So, whoever the idiot was who first said "it's not the destination, it's the journey", they had probably never used the equivalent of a budget airline, or – as I did once, in the days when I could still think of it as fun – stood much of the way from Athens to Paris in the corridor of an overcrowded train, a stopping service amusingly named the Orient Express, which peasant women clutching live chickens would join for a couple of stops, like the local bus service. Even more amusingly, the uniformed guards (of whom there seemed rather more than necessary) would squeeze up and down the train, selling desperate tourists tickets for guaranteed seats (not me, I'd more or less run out of money) once the train reached Belgrade. At which point, all the Greek personnel got off, to be replaced by rather fewer Yugoslavs, who denied all knowledge of any such arrangement. I'm not sure, now, how long that journey took – three days and two nights, I think – but rarely has a destination been so welcome, or a journey so unenlightening. Except, I suppose, into the ways of underpaid men in uniform. Admittedly, I did also see some spectacular fireworks as we finally emerged from the claustrophobia of the Simplon Tunnel, although on reflection I'll never be sure on which side of my exhausted eyelids that was really happening.

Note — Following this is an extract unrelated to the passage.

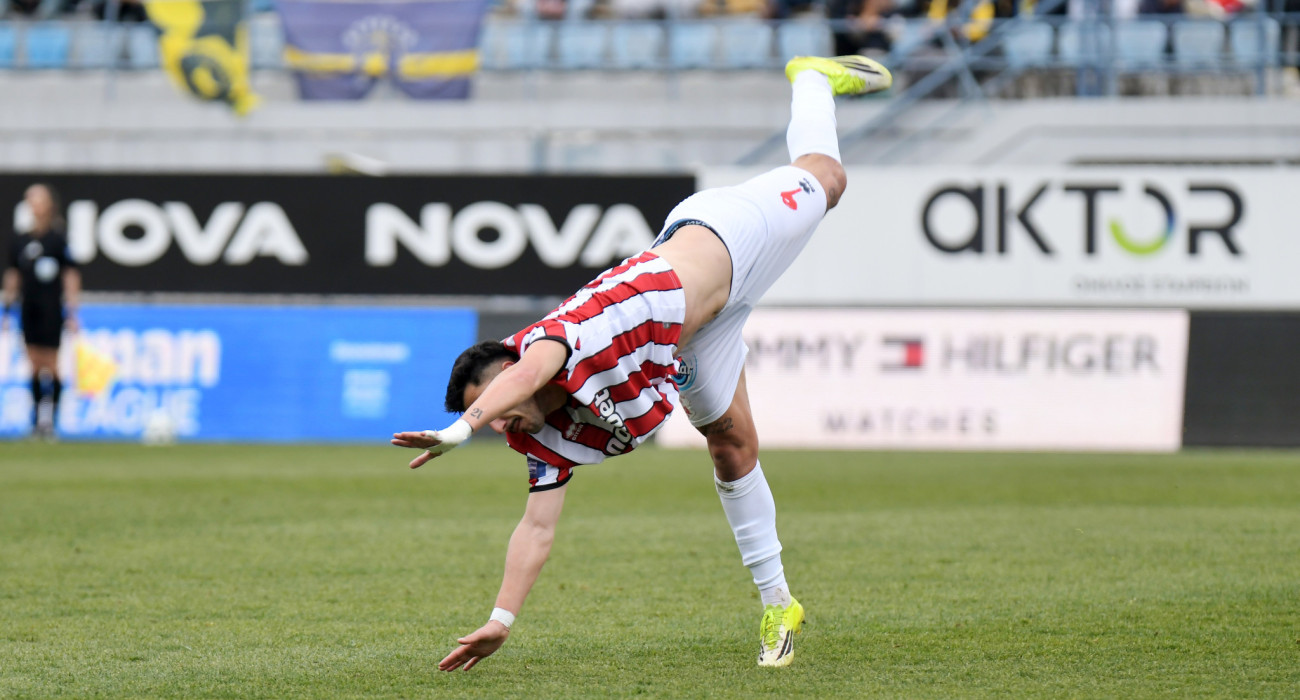 Ο Αντρέι Ίβαν πέτυχε ένα καταπληκτικό γκολ και χάρισε τη νίκη στον Πανσερραϊκό / Πηγή: Intime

Mass travel and tourism are clearly Bad Things, environmentally-speaking, and charges of hypocrisy or elitism may embarrass a few, like me, into travelling less, but will not dent the scale of the industry. Regrettably, it's unlikely that even the experience of Covid will disconnect the idea of "holiday" from "faraway destinations" in most people's minds. Quite the contrary: the wheelie-bag [2] hordes will flood onto whatever absurdly cheap flights are on offer as soon as the boarding gates re-open. "We've earned it!", they will claim. The idea that the world is essentially a leisure resource has taken root, and "two weeks of sunshine abroad" has become an entitlement, virtually a right, that every first-world citizen expects to indulge freely; more freely even than the right to vote.

That expectation has been embedded deep in our minds by the holiday and air industries, of course. I don't watch much TV, but whenever I happen to wander into our capacious media suite I seem to see adverts featuring young people in swimwear on a palm-fringed beach that is definitely not in Dorset, or some model pretending to be a typical cabin-crew member on some budget airline. Even the weather reports on Sky News are sponsored by Qatar Airways ("Hate your filthy climate? It's time to get up, up, and away!"). In the end, the only realistic solution must be to require airlines – indeed, all forms of transport powered by fossil fuels – to charge the full, realistic cost of travelling from A to B, including some sort of "green travel tax". And, yes, that will probably return air-flight to the luxury category my father experienced, and perhaps the endless lines of hitchhikers will reappear outside major cities once more, all waiting for the next driverless electric car to appear on the sliproad, and – if "hitchhiker mode" has been turned on – for the algorithm to decide which hopeful to pick up.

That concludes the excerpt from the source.